Running time: According to the pseudocode, we can get the recurrence ${ T(n)=T(n/2)+\Theta(1)=\Theta(\lg n) }$.
Convex polygon
A polygon is convex if all of its internal angles are less than ${ 180^{\circ} }$ (and none of the edges cross each other). The following figure shows an example. We represent a convex polygon as an array ${ V[1\dots n] }$ where each element of the array represents a vertex of the polygon in the form of a coordinate pair ${ (x,y) }$. We are told that ${ V[1] }$ is the vertex with the minimum ${ x }$ coordinate and that the vertices ${ V[1\dots n] }$ are ordered counterclockwise, as in the figure. You may also assume that the ${ x }$ coordinates of the vertices are all distinct, as are the ${ y }$ coordinates of the vertices.
An example of a convex polygon represented by the array ${ V[1 \dots 9] }$. ${ V[1] }$ is the vertex with the minimum ${ x }$-coordinate, and ${ V[1 \dots 9] }$ are ordered counterclockwise.1
(a) Give an algorithm to find the vertex with the maximum ${ x }$ coordinate in ${ O(\lg n) }$ time.

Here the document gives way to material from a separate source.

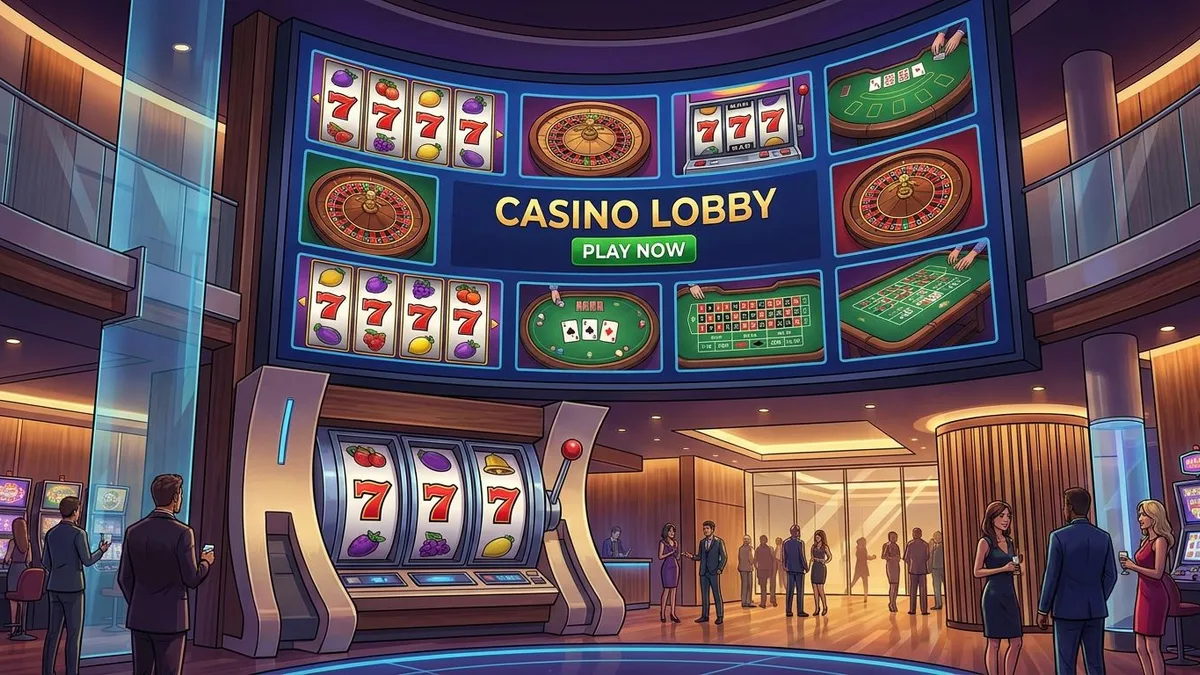 Juegos de casino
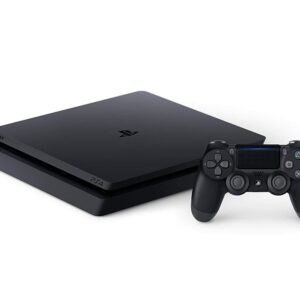 Sony PlayStation 4, 500 GB Slim system [CUH-2215AB01]Black,…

We can use Unimodal search to do it.
(b) Give an algorithm to find the vertex with the maximum ${ y }$ coordinate in ${ O(\lg n) }$ time.
After, we find the maximum ${ x }$, suppose the index is ${ a }$. Then, we can find the vertex with maximum y corrdinate from array ${ V[a], V[a+1],\cdots,V[n] , V[1] }$, which is also a unimodal array. Then we can also conduct a unimodal search in this array.